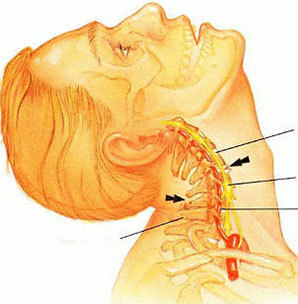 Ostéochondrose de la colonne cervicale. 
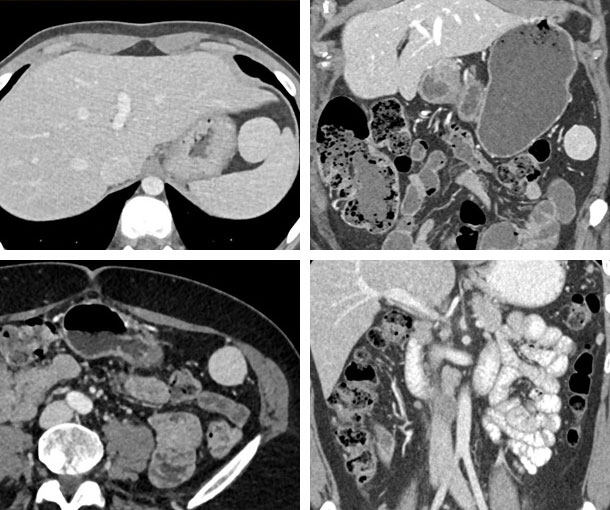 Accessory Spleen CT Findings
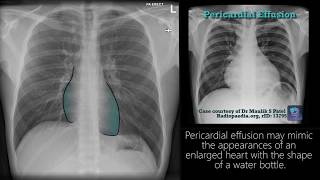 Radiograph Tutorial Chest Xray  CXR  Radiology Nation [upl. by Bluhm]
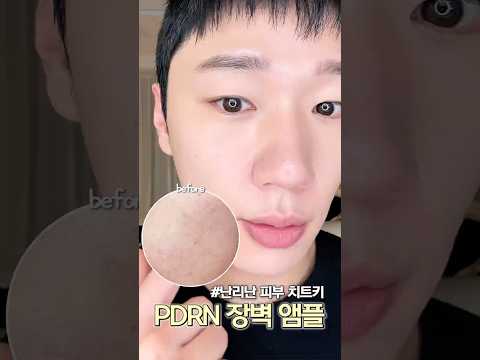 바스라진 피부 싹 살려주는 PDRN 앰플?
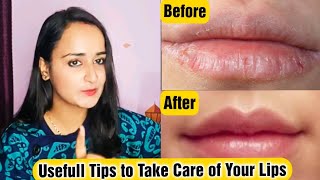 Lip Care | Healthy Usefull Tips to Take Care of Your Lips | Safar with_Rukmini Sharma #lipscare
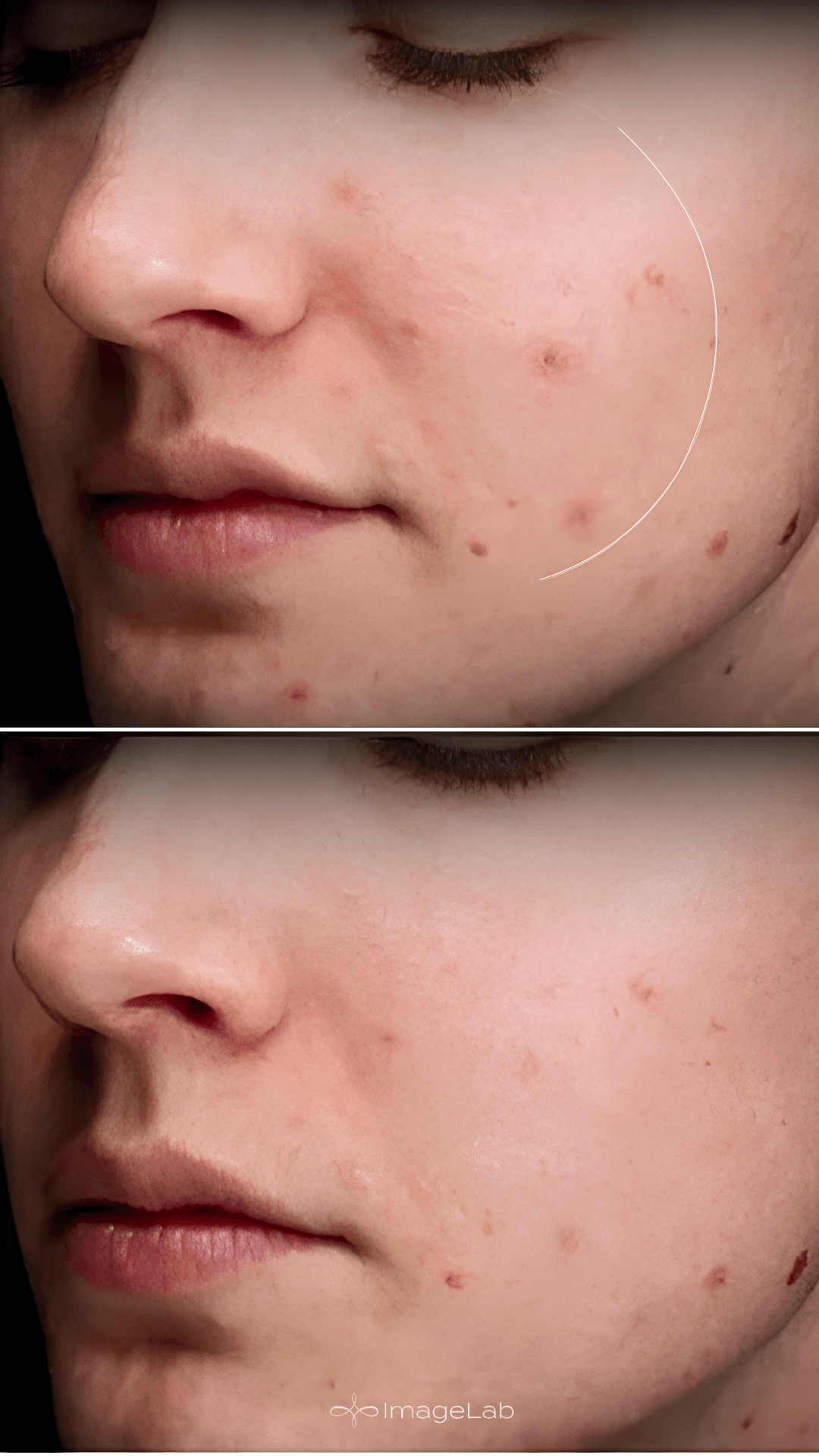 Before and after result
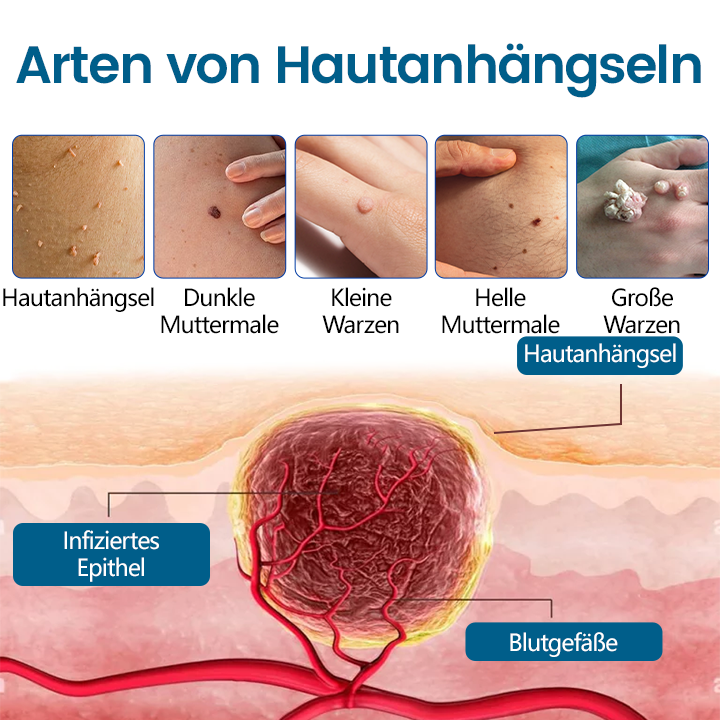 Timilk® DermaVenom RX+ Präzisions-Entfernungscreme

---

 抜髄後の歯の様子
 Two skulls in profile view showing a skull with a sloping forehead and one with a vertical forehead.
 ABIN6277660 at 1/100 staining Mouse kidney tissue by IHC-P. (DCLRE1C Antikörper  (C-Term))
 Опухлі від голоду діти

**ACTIVITY**:
The lines to copy exactly start with the line above that has "Ostéochondrose de la colonne cervicale." and go on through the line that has "Timilk® DermaVenom RX+"; please include both, add nothing else, and omit the pictures.

**EXERCISE SOLUTION**:
 Ostéochondrose de la colonne cervicale. 
 Accessory Spleen CT Findings
 Radiograph Tutorial Chest Xray  CXR  Radiology Nation [upl. by Bluhm]
 바스라진 피부 싹 살려주는 PDRN 앰플?
 Lip Care | Healthy Usefull Tips to Take Care of Your Lips | Safar with_Rukmini Sharma #lipscare
 Before and after result
 Timilk® DermaVenom RX+ Präzisions-Entfernungscreme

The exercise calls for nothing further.